The following year was a particularly trying one for Hawthorne. On June 7,
1849, he was fired
(original article from the Salem Register part
1, part
2) from his position as Surveyor
of the Port at the Salem Custom House when Zachary Taylor, a Whig, was elected
president. Then, less than two months later, on July 31, his mother died. These
catastrophes were followed by a fecund period in his writing, however. It was
in September of 1849 that Hawthorne began the novel that was to become The
Scarlet Letter. In that novel he includes an opening chapter, "The Custom-House,"

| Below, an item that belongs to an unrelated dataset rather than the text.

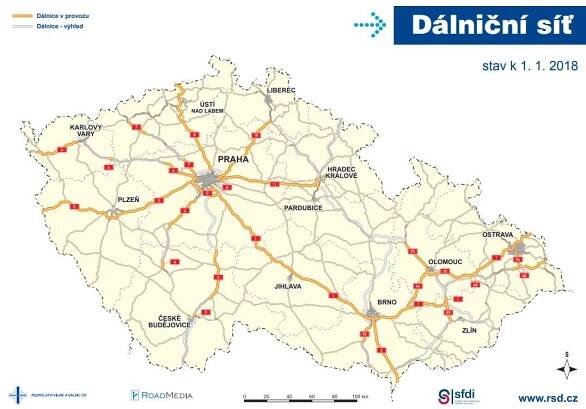 Dálnice v ČR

based on his own experience as surveyor, which aroused controversy because of
its unflattering portrayal of Salem and its residents. The novel was published
the following year by Ticknor and Fields. A year later, in April of 1851, Hawthorne
published The
House of Seven Gables, and he wrote "Feathertop,"
his last tale. Then in 1852, he published The
Blithedale Romance, based on his experiences at Brook Farm. That year,
too, was a tragic one for Hawthorne; his sister, Louisa, died in a steamboat
explosion on the Hudson River in New York.

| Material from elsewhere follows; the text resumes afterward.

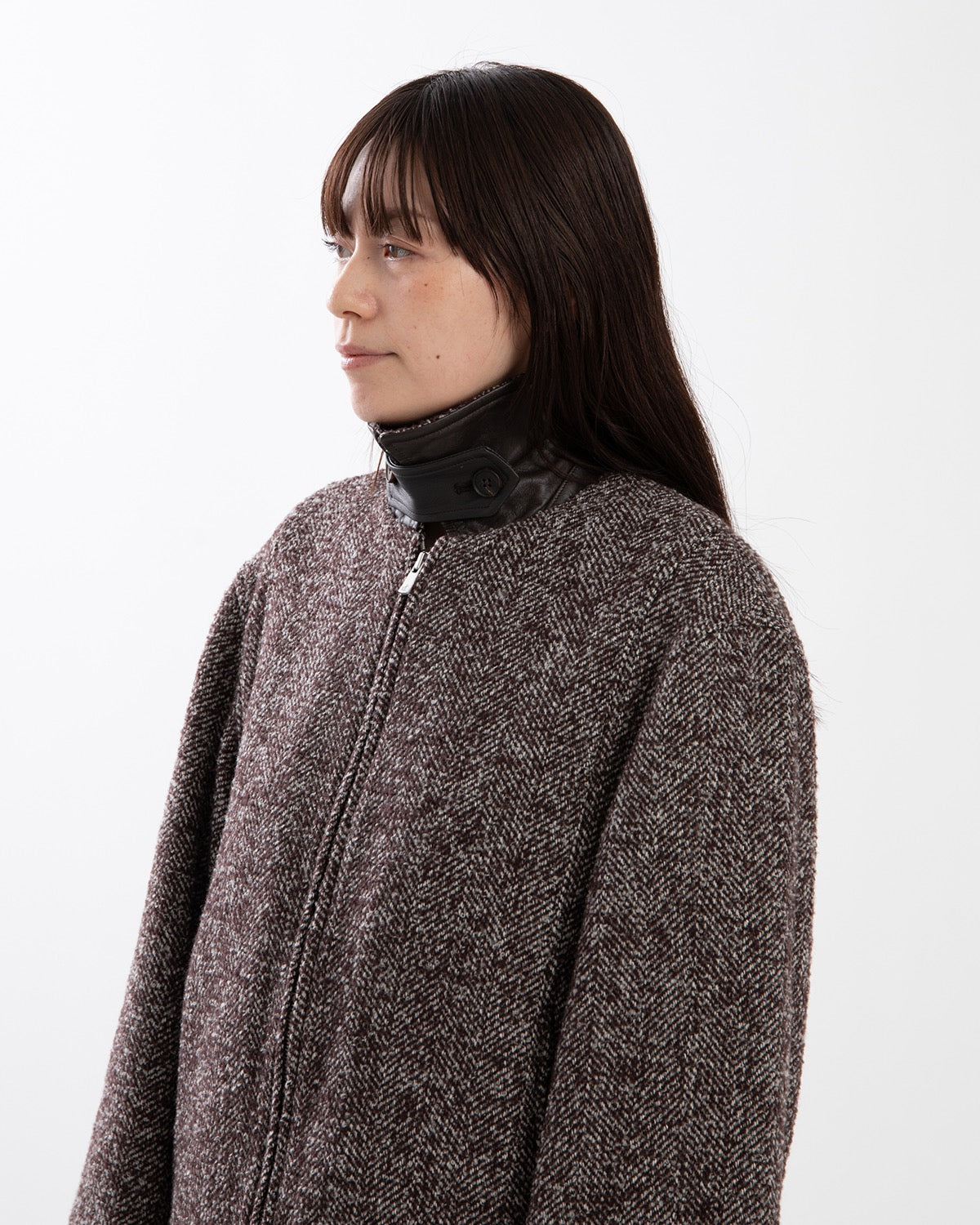 LOOP TWEED SEAM POCKET BLOUSON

In March of 1853, President Franklin Pierce appointed Hawthorne Consul in
Liverpool, England. In July Hawthorne moved his family to Liverpool from Concord, and he assumed his position as Consul on August 1. In October of 1855, in an attempt to improve her health, Sophia went to Lisbon. She took Rose, the Hawthornes' second daughter, born on May 20, 1851, and Una with her, and they stayed in Lisbon until June. Julian remained with Hawthorne in Liverpool.
In November of 1856, Melville visited Hawthorne in Liverpool, and he visited
him again for a short time in May of the following year. In October of 1857,
when Pierce did not receive the presidential nomination, Hawthorne left his
position as American Consul in Liverpool, knowing that his appointment would
end. In January of the following year, Hawthorne and his family travelled to
France, and from January 17 to May, 1858, they lived in Rome. From May to October,
Hawthorne and his family lived in a villa in Florence. Hawthorne wrote about
his experiences in Italy in his notebooks, and he began work on the romance
published in America under the title, The
Marble Faun: Or, The Romance of Monte Beni. Also while in Italy, Hawthorne
met William Cullen Bryant, Robert and Elizabeth Barrett Browning, and the American
sculptor William Wetmore Story. In June of 1859, Hawthorne and his family moved
to England where Hawthorne finished writing The Marble Faun which was
published in London in February of the following year under the title Transformation
and was published the following year in America.
Hawthorne and his family moved back to the Wayside in Concord, MA in February
of 1860. At that time Hawthorne renovated the house, adding a tower
that became his study. Two years later, in March of 1862, Hawthorne, Ticknor,
and U.S. Representative Charles Russell Train called on President Lincoln in
a visit arranged by Hawthorne's friend, Horatio Bridge. A short time later,
Hawthorne published "Chiefly About War Matters By a Peaceable Man," an essay
on the Civil War, which reports on his visit with Lincoln. In May of that year,
Hawthorne attended the funeral for Henry
David Thoreau who died of tuberculosis.
In January of 1864, Bronson Alcott called on Hawthorne to try to learn the cause of Hawthorne's coolness toward him and his family. Hawthorne tactfully identified Bronson's wife, Abba, as the problem. A few months later, Hawthorne travelled to New Hampshire with Franklin Pierce. It was on this trip on May 18/19 that Hawthorne died in his sleep. He is buried in Sleepy Hollow Cemetery in Concord, MA near Emerson and Thoreau along what is now known as Author's Ridge.